In reading numerous Trip Advisor reviews about our hotel, I heard about this local tour guide, Herson. He offered private tours to Monteverde, and guaranteed he'd take us to an awesome zip lining tour. Excited and well rested, we were up and at 'em by 6 AM!

 Rob in the hotel, up before 6 AM, and smiling!! 

Rob in the hotel, up before 6 AM, and smiling!! 
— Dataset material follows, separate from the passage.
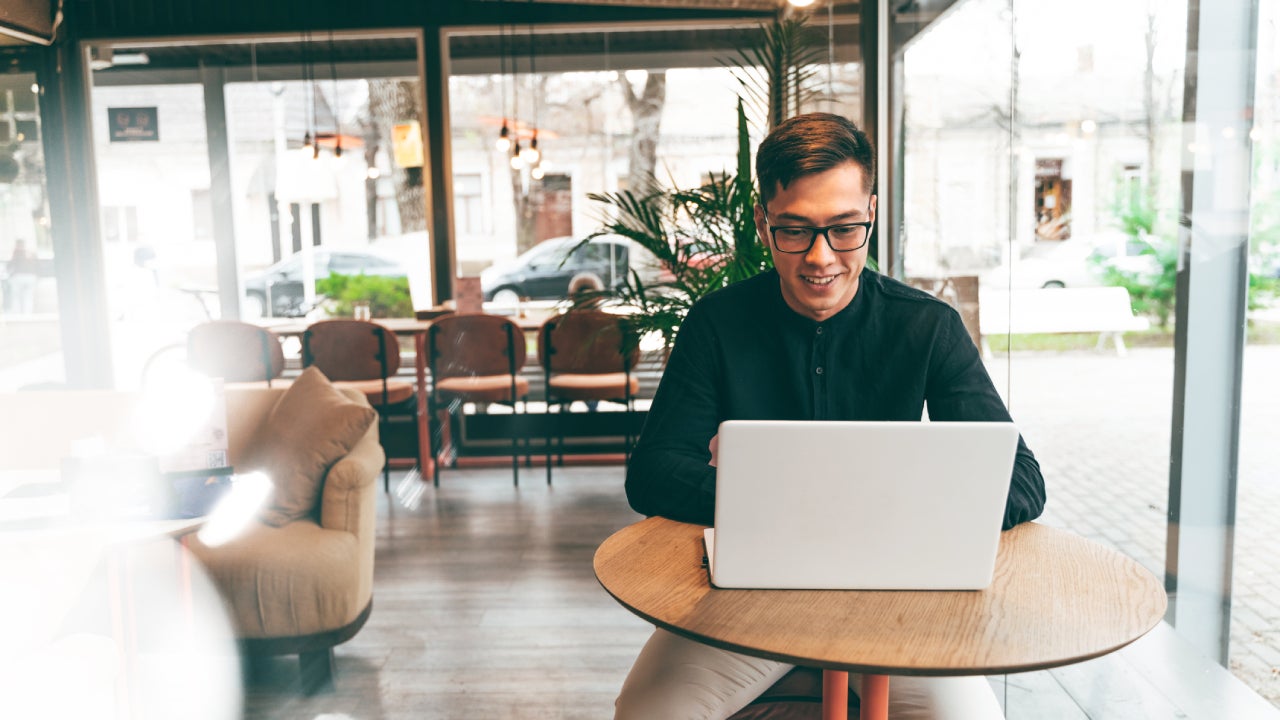 Young professional man working on a laptop in a cafe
We met Herson in the lobby, and got in his car to start our 3+ hour drive to Monteverde. About a half hour into our drive, we stopped for Casado, traditional Costa Rican breakfast, at a Soda outside Liberia. This was probably my favorite breakfast Casado I tasted while in the country. The plaintains were so ripe, so delicious. And Rob said they had the best bacon he'd tasted in the country. Which is a big deal, Rob's a bacon connoisseur!

 Soda outside Libera

Soda outside Libera

Following our tasty breakfast, we experienced Tico driving, firsthand. There are pretty much no rules when it comes to driving in Costa Rica. Even through construction zones! I'd never seen cars go around the orange barriers to pass a car in a construction zone. I'm pretty sure I saw a police car do it too. Herson was zipping past cars, we were practically in their back seat. What the heck did I get myself into now!! Why did I trust this stranger with my life?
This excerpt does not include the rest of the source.